For the first time, I independently called my grandmother, without my parents in the room to help me translate my English-speaking brain into Tamil. Things went well. I explained that it was summer vacation and that I was working, that I made “Chinese rice” for dinner, that I often cook Indian food, and we both agreed that eating out too often isn’t good for ones health.
I was later analysing the conversation, suddenly remembering words that I previously couldn’t conjure up. I couldn’t think of the word “now”, so when asked when exactly summer vacation was, all I could do was name the month I was in, and the previous month, as an example. She consequently thinks that I have a two month summer. A big deal? Not really.
I was thinking about my grandmother, and how little I know about her life. I remembered a moment in grade 12 History class, when we were briefly going over Indian Independence, when I realized that my grandmother was alive during this time- that she lived in India at the same time that Gandhi was famously hunger striking, and infamously protesting over the salt tax. I’d always wanted to ask her about that time. For five years I’d wanted to ask her about that time, and tonight I finally did.
I was iffy about calling her so quickly after we’d already talked. I wrote down how to say “I have a question for you” in Tamil, spelt phonetically in English on a new page of my Moleskin diary. I summoned up the courage to open up Skype and call her again. I decided not to, that I would do it tomorrow. Earlier I had texted my friend, explaining that I was thinking about calling my grandma and having this conversation. She texted back saying “U should do it’. And I realized that I should just do it. And I did. (I later realized this happened to be the only friend of mine who’d ever met, or will, in all likely hood, ever meet my grandma).
I once again called my grandma and asked her about Indian Independence. She didn’t launch into detailed stories about the changing of past tides. She didn’t really get what I wanted. She reminded me of the date of Independence, August 15th. I asked her what it was like. She said things had been great then but were going down the drain now. She asked if I meant before independence or after, and I said both. From what I gathered- I couldn’t understand a few of the keywords-she said there had been some trouble before independence, but after it was great. She said some other things, but repeated this sentiment a few times. To sum it up, she said, “It was great, Indu.”

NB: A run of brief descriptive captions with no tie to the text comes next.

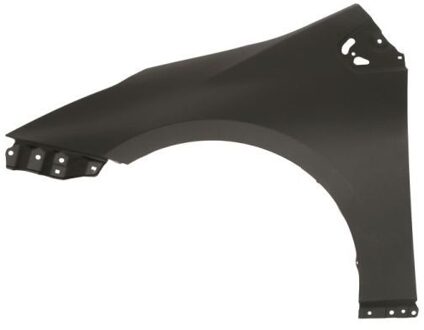 Toyota Spatbord 6504048189311P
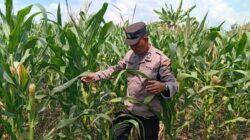 Dukung Astacita Presiden RI, Polsek Kenduruan Polres Tuban Turun Langsung Mengecek Tanaman Jagung Warga Petani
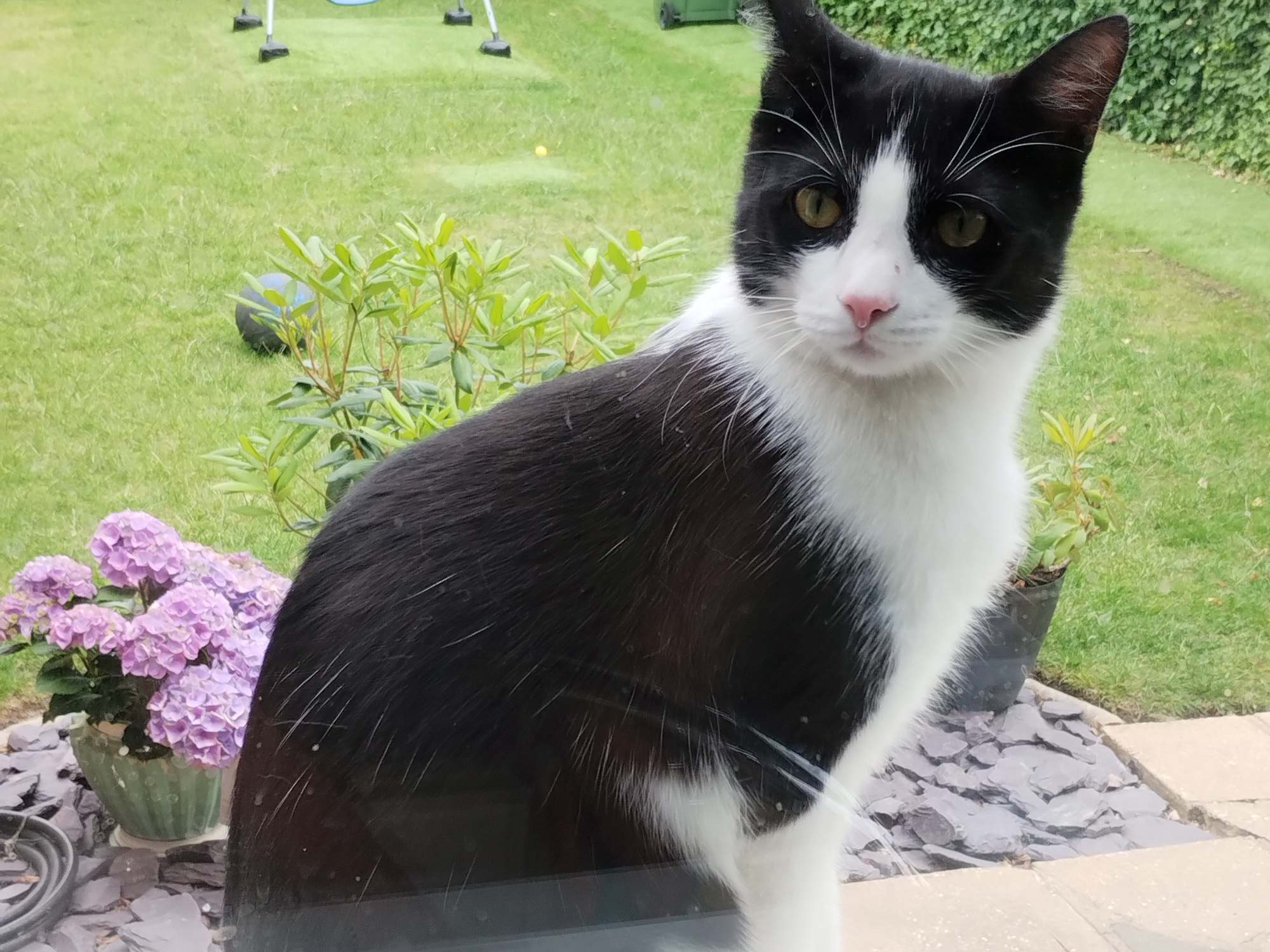 Oreo, Harding Way CB4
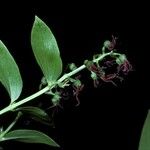 Coriaria myrtifolia 花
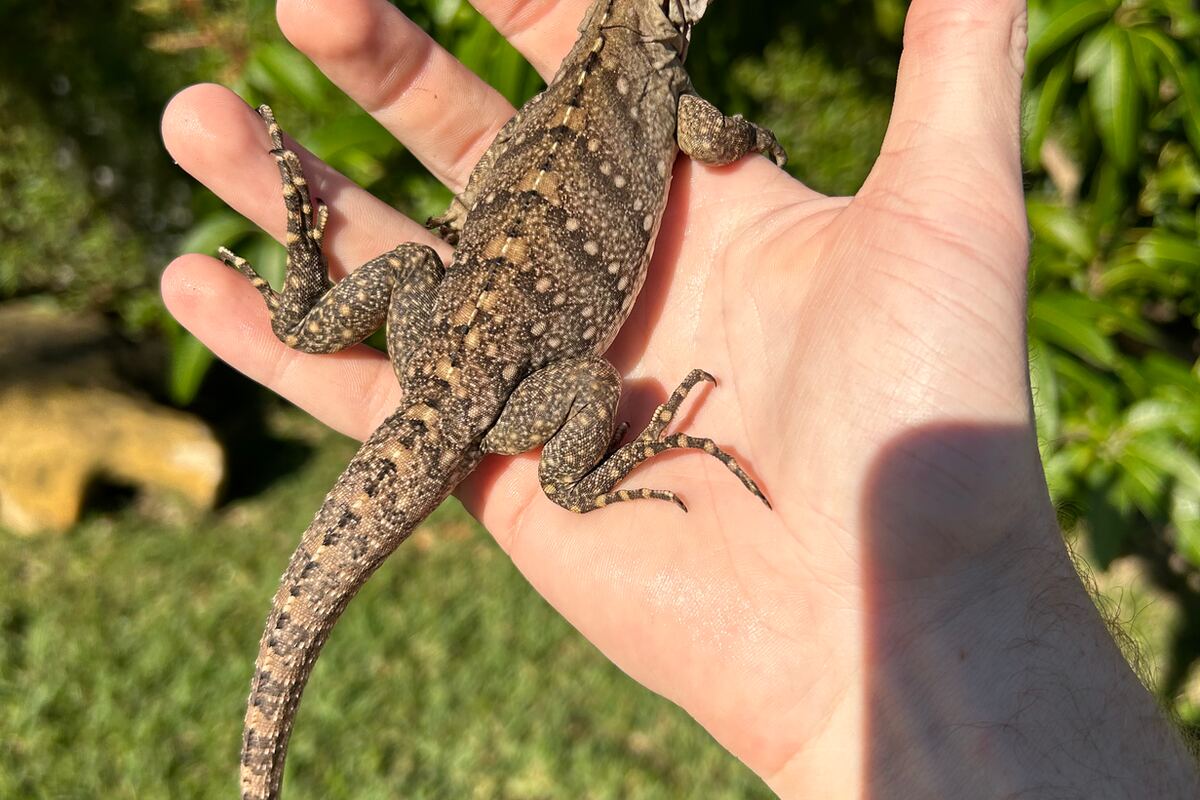 Guía de cuidados de la iguana de roca cubana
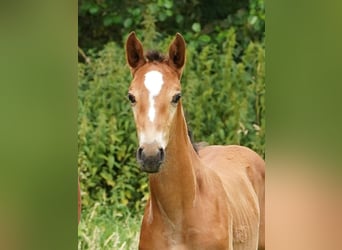 Westfaliano, Yegua, 1 año, Castaño claro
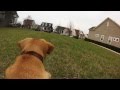 Ruby Playing Fetch Full Resolution
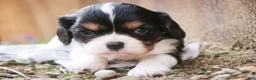 Cavalier King Charles Spaniel dogs for sale: Davy - Ad 5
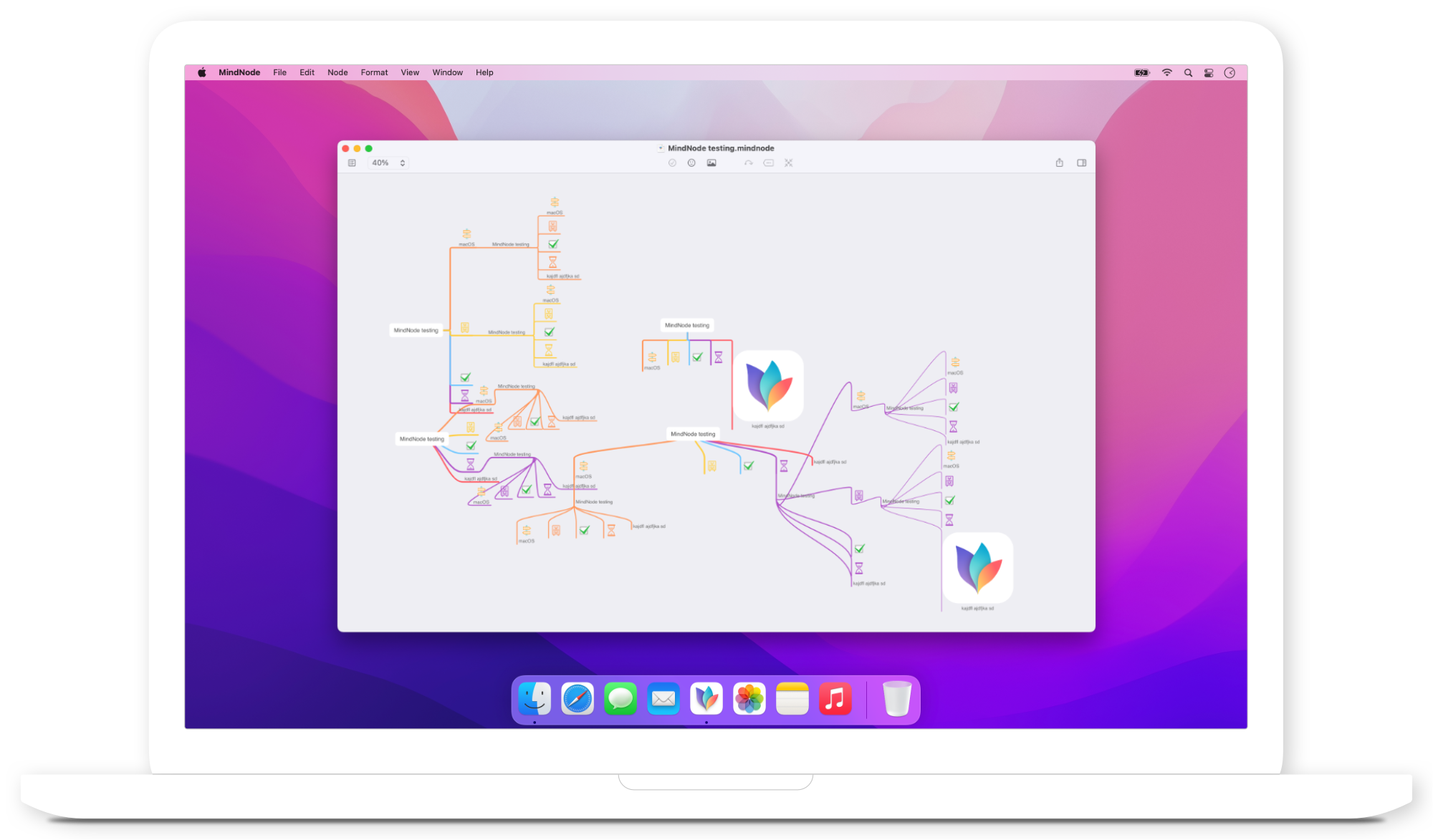 Vanessa's testing document on macOS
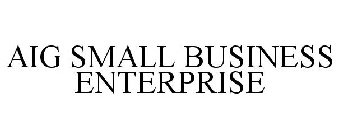 AIG SMALL BUSINESS ENTERPRISE
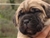 Foto - Triola cane corso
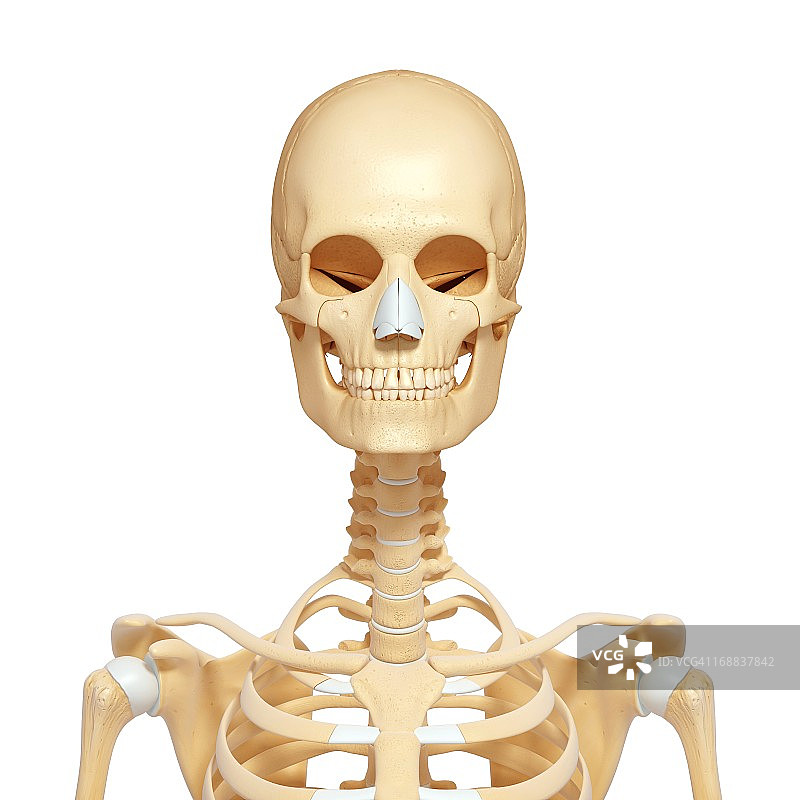 女性骨架,艺术品图片素材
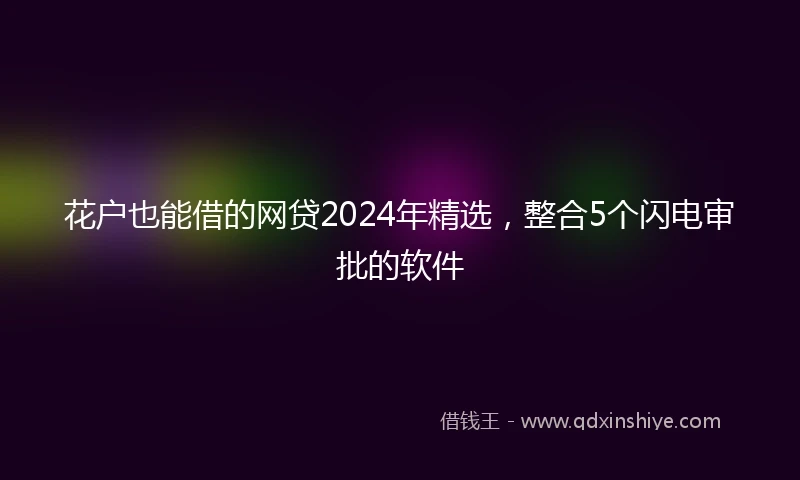 花户也能借的网贷2024年精选，整合5个闪电审批的软件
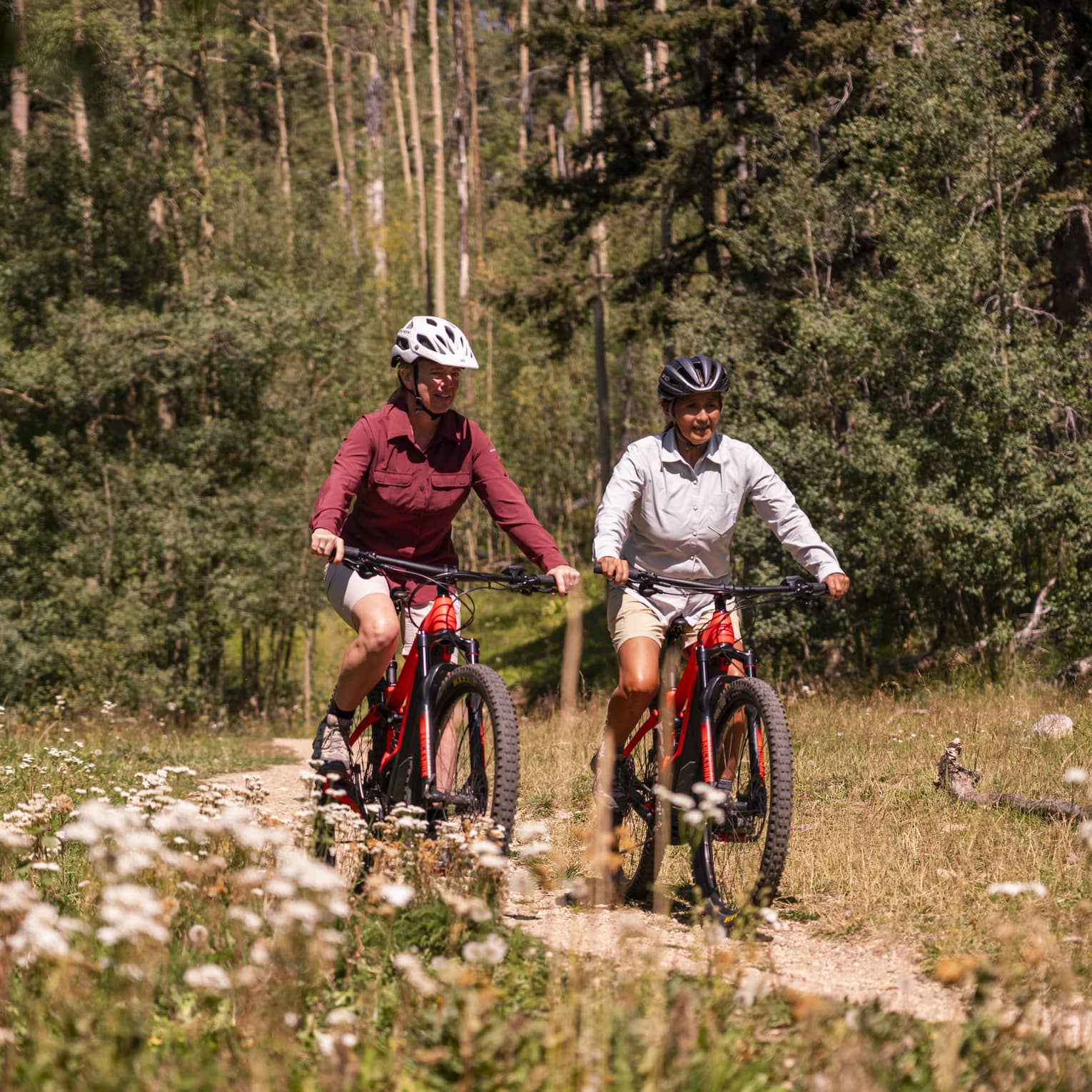 Two people on bikes riding along a trail nears a forest.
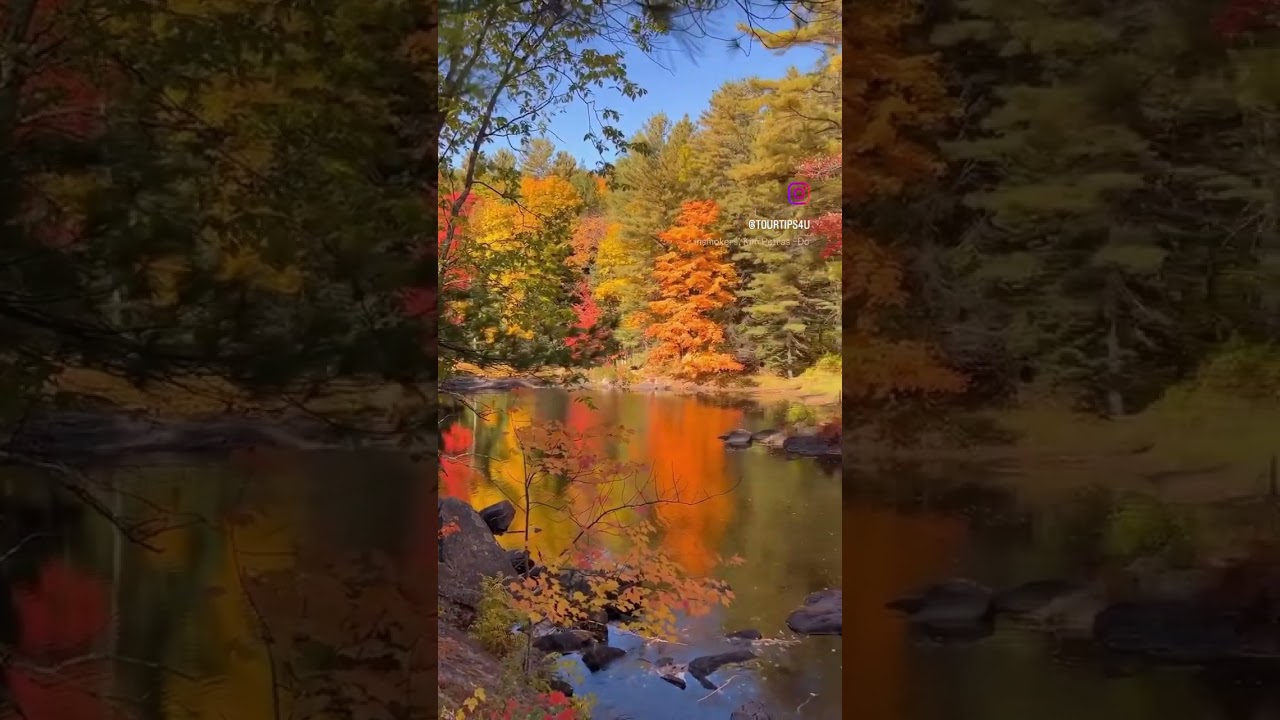 Ontario&rsquo;s Fall Magic: 10 Must-Visit Spots for Fall Colors | Canada 🇨🇦 #travel #autumn #fall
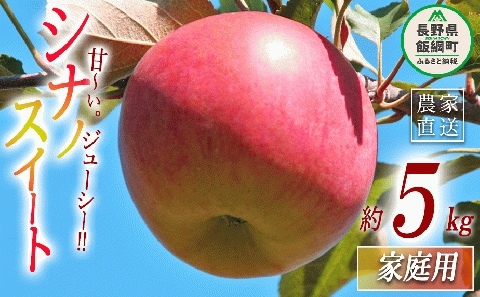 りんご シナノスイート 家庭用 5kg 丸山りんご園 沖縄県への配送不可 2025年10月上旬頃から2025年11月上旬頃まで順次発送予定 令和7年度収穫分 信州 果物 フルーツ リンゴ 林檎 長野 12000円 予約 農家直送 長野県 飯綱町 [0398]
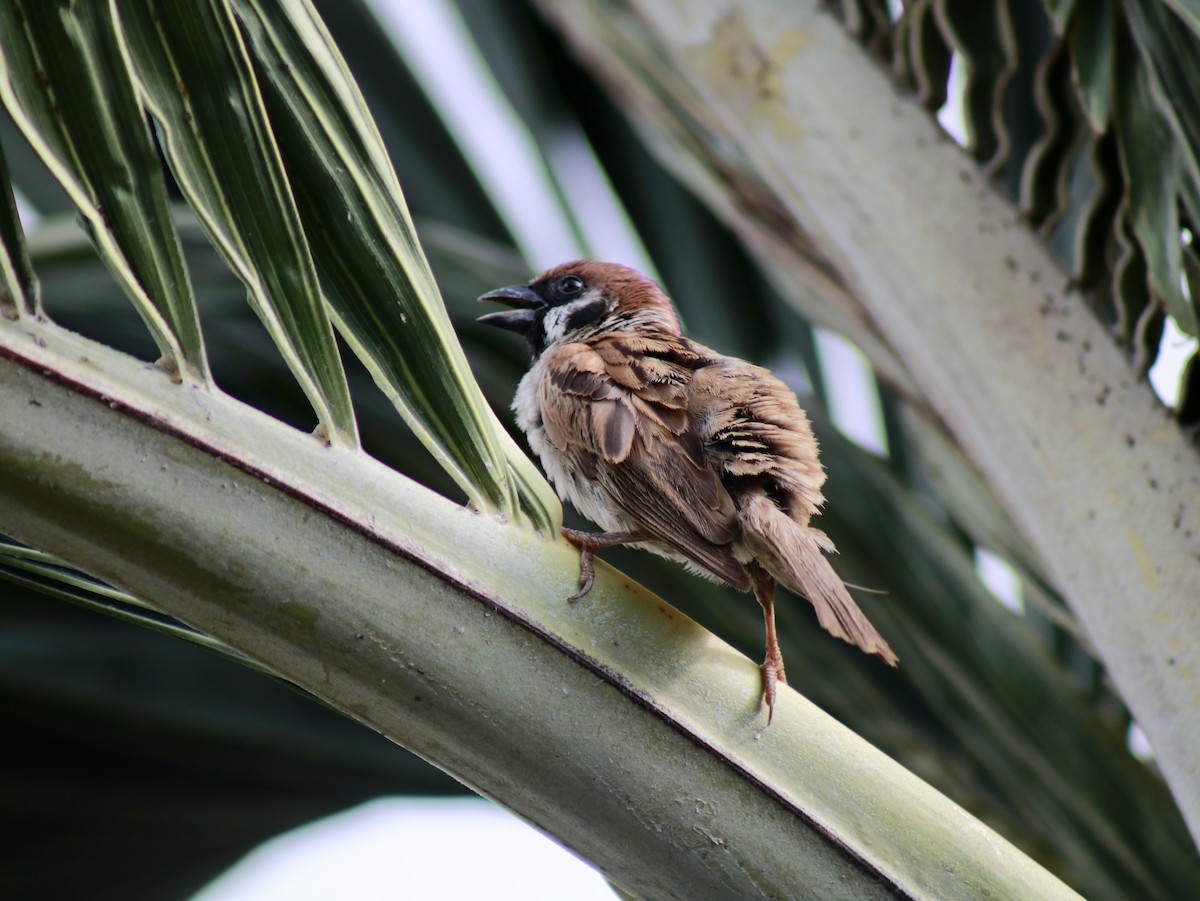 Eurasian Tree Sparrow - ML621089225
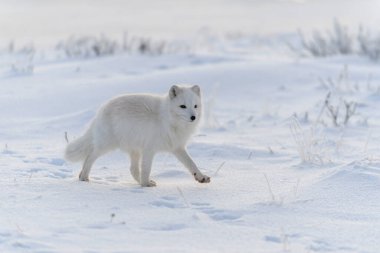 Kışın tundrada vahşi kutup tilkisi (Vulpes Lagopus). Beyaz kutup tilkisi.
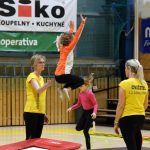 VIDEO: Akademie všestrannosti zaplnila halu! Sokolové předvedli sletové skladby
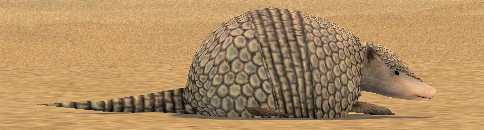 Picture of Young Gray Armadillo
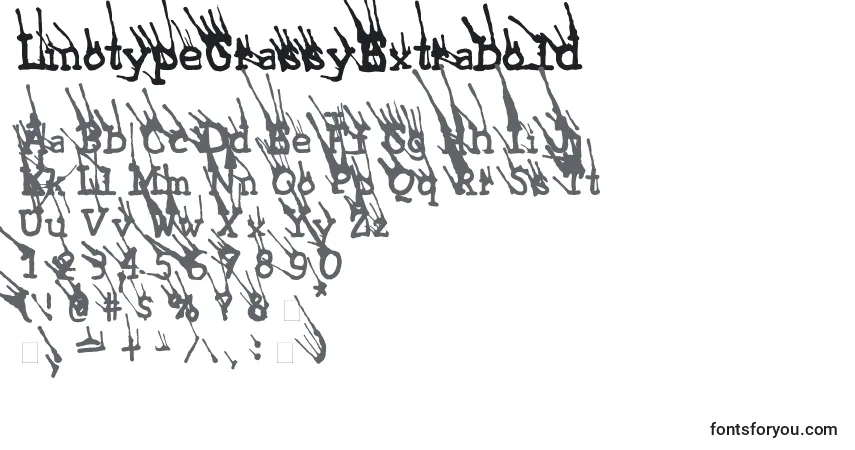 Czcionka LinotypeGrassyExtrabold – alfabet, cyfry, specjalne znaki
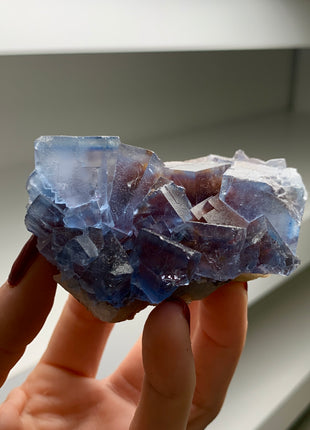 Blue Fluorite from Le Burc, France # PM0131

We talked about some other things after that: Gandhi, my uncle’s travel plans, my old dog who had died. But that line stuck with me. It was four words, but in those four words I understood something. I understood what it means to see the beauty and ease of a wholesome and cultured way of life slowly eroding into a unfamiliar chaos. I understood the desire to share that beauty and ease with the people she loved. I felt a long held nostalgia buried deep in her skin, in her wrinkled face, her tired limbs, for something that once was, and is now forever lost. I felt the love for something as big as a whole nation, for something as small as a milk man bringing a cow to her door each morning. I felt the love for something as foreign and unknown as a Canadian granddaughter, connected to her by lineage, and perhaps more tellingly, by our mutual fondness for stray dogs.
Our conversation lasted approximately nine minutes. I’m 21 years old and I think that’s the longest conversation I’ve had with my grandmother. Not because she isn’t great, or because we don’t love each other, but because she lives in India and I live in Canada. Very simple.
For those of you who have easy-access grandparents, and extended family, consider yourselves extremely lucky.